* _WHAT YOU NEED TO DO_: Find all lines in the records that include the word "Premium", and copy them out.

___

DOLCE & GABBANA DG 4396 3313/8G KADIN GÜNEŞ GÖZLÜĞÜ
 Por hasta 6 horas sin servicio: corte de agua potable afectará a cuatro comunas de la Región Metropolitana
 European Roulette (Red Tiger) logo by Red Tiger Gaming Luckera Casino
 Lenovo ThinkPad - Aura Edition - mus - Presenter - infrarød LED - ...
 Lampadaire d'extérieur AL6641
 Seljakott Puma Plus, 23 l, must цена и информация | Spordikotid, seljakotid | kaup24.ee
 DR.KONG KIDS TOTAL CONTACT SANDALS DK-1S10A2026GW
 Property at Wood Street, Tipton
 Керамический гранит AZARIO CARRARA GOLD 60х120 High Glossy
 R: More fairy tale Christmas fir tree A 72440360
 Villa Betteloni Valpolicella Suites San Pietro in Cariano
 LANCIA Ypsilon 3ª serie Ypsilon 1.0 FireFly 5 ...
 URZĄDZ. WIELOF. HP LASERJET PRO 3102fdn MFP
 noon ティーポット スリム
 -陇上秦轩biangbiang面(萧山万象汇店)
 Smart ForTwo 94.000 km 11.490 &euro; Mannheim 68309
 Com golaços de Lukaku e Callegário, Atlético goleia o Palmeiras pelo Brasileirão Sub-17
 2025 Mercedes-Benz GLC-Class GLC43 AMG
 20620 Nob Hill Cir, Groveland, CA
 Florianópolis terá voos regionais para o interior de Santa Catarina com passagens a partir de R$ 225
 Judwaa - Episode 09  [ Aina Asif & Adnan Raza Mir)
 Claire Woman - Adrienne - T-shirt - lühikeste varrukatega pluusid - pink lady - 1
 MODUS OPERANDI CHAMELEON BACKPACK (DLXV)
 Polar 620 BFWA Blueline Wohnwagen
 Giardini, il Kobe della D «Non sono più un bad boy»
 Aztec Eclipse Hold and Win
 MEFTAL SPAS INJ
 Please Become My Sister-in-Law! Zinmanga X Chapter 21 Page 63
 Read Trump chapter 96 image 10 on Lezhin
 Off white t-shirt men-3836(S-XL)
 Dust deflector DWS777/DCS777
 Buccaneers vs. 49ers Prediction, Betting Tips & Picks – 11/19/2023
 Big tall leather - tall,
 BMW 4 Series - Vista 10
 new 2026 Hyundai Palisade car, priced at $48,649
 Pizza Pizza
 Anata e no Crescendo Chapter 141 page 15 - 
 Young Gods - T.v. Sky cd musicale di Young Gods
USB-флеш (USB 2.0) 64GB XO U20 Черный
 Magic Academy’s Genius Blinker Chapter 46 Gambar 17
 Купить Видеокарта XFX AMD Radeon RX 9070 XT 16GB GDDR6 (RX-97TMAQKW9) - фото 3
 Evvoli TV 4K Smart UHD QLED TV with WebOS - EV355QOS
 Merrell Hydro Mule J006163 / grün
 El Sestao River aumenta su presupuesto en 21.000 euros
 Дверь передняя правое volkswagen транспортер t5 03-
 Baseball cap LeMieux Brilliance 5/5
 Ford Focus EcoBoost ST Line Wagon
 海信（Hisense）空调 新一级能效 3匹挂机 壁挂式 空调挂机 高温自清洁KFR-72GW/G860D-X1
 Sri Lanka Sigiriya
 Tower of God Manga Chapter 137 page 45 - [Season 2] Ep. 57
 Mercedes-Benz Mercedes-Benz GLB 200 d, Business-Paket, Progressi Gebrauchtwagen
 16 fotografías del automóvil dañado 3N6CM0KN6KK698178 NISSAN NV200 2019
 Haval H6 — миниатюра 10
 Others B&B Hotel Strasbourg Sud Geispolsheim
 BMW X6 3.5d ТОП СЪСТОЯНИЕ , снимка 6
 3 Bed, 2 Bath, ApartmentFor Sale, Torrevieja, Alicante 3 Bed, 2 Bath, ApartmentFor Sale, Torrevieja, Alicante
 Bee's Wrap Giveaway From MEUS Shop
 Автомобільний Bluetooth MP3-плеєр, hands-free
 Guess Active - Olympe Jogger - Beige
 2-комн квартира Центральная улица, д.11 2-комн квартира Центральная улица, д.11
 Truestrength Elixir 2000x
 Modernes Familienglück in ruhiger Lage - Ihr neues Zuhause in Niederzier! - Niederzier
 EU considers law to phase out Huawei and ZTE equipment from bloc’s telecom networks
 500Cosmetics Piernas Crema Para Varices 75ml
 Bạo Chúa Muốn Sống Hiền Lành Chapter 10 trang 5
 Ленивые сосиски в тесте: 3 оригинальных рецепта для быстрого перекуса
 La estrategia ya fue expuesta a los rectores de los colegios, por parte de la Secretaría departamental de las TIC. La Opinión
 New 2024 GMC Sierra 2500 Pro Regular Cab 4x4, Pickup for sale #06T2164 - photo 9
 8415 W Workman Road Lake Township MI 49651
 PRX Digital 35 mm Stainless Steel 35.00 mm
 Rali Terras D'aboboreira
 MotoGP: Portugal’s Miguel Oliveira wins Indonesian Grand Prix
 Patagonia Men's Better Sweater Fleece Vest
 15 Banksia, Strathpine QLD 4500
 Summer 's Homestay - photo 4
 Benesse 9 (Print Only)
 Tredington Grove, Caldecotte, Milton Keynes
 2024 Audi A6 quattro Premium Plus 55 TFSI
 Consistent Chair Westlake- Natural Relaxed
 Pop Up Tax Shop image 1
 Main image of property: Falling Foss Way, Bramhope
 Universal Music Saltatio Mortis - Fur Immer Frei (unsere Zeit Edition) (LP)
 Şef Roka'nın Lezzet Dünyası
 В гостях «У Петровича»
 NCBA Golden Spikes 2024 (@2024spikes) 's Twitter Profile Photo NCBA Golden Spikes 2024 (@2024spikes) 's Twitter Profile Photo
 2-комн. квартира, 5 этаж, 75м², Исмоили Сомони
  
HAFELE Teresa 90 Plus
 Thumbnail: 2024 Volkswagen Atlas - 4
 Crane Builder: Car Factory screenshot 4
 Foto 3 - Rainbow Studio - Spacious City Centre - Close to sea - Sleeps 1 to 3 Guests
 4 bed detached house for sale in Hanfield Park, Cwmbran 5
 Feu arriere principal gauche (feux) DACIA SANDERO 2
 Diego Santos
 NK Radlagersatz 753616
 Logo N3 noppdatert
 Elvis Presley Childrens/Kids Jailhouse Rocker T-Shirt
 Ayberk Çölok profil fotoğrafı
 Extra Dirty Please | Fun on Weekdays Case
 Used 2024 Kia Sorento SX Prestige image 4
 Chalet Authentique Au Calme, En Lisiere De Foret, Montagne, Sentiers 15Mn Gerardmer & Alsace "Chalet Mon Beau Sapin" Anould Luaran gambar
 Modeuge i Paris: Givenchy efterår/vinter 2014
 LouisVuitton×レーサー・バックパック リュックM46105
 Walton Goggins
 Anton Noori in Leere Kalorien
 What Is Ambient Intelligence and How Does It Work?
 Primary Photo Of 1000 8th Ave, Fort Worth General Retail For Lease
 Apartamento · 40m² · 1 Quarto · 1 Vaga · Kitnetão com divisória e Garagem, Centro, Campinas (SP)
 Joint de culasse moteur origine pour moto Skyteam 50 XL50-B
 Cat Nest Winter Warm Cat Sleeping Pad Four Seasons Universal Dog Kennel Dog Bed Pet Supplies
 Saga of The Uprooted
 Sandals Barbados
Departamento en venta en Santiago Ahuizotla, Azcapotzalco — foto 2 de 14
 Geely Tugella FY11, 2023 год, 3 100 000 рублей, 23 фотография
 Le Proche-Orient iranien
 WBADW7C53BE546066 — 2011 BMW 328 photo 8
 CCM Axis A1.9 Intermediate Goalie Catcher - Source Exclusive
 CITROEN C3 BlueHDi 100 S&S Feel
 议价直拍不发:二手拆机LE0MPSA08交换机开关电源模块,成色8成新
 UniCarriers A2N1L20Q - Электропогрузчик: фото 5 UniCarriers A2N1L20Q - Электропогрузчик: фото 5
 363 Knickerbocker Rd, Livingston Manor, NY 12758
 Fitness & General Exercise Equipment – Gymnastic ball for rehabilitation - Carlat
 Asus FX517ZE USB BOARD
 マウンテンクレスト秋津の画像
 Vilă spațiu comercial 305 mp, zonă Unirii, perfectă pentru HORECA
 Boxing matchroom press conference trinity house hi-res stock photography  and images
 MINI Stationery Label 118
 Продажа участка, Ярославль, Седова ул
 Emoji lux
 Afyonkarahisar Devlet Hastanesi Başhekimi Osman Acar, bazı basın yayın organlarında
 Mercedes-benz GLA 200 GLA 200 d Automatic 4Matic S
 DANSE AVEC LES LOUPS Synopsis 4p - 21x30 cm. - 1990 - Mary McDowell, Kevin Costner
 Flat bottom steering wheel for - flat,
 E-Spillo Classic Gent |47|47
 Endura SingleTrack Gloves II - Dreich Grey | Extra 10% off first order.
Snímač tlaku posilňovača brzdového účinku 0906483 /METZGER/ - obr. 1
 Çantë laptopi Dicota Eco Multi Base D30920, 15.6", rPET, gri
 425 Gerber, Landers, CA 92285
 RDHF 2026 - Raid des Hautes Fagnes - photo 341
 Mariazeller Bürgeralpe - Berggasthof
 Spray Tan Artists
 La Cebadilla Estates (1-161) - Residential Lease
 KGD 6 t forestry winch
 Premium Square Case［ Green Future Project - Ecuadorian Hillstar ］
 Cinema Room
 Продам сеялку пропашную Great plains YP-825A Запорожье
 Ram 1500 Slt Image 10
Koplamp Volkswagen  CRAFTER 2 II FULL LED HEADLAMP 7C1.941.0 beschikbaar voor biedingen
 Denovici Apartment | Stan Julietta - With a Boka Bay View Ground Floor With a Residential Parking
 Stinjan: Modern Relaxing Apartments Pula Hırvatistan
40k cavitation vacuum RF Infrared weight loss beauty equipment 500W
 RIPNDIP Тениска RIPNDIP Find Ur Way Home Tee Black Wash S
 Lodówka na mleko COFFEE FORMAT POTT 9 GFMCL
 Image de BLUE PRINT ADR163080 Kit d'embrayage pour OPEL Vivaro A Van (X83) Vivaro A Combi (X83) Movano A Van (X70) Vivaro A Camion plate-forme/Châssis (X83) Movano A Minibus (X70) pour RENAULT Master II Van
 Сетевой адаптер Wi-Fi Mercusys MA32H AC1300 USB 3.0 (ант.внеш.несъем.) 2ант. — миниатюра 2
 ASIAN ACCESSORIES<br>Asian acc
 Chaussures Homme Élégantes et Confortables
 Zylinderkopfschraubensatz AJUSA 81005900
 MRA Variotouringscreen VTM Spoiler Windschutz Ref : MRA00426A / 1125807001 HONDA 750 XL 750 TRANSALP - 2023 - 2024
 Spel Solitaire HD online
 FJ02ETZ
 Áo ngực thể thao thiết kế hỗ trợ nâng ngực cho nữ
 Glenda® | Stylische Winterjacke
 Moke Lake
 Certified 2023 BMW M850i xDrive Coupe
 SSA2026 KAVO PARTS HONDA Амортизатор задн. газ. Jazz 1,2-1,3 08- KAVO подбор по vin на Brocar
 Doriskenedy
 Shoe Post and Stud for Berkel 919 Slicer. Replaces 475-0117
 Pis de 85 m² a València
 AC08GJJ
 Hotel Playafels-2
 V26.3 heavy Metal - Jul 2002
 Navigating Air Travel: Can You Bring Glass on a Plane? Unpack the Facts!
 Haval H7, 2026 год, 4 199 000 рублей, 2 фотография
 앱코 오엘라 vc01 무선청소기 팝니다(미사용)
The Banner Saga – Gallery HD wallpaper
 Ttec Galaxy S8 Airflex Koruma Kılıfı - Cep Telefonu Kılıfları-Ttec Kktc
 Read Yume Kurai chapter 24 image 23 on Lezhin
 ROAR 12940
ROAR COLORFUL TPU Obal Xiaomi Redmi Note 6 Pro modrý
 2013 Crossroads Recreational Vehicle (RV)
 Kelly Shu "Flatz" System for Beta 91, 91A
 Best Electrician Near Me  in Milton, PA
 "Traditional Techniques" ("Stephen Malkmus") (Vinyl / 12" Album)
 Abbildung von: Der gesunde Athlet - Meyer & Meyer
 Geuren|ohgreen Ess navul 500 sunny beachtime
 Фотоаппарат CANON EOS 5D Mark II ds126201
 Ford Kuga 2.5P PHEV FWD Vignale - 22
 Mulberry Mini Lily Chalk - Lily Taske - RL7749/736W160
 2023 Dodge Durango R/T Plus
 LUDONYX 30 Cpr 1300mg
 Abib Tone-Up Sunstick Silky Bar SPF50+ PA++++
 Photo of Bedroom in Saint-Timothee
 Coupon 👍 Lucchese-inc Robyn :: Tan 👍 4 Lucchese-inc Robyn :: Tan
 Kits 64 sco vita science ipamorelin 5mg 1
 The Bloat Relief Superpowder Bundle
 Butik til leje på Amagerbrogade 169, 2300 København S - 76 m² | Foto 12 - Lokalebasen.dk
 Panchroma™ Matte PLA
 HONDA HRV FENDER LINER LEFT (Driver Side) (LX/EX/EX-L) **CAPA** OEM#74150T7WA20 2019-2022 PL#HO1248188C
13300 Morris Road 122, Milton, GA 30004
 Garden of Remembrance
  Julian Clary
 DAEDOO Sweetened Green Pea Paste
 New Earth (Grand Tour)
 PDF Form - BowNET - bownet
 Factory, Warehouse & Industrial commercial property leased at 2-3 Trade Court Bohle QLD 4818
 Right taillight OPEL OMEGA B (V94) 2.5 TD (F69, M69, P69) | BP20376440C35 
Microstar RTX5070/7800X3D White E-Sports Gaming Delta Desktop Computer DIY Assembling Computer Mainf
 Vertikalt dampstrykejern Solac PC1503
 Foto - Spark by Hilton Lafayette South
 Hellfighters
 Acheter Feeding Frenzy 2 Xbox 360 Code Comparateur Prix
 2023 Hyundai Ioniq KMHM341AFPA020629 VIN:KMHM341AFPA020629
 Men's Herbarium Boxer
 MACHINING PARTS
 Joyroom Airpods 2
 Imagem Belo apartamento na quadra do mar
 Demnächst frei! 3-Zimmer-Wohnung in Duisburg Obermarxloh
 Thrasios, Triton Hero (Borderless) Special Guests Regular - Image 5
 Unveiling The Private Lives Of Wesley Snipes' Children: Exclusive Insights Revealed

___

* _ANSWER FOR THIS EXERCISE_:
 2024 Audi A6 quattro Premium Plus 55 TFSI
 Premium Square Case［ Green Future Project - Ecuadorian Hillstar ］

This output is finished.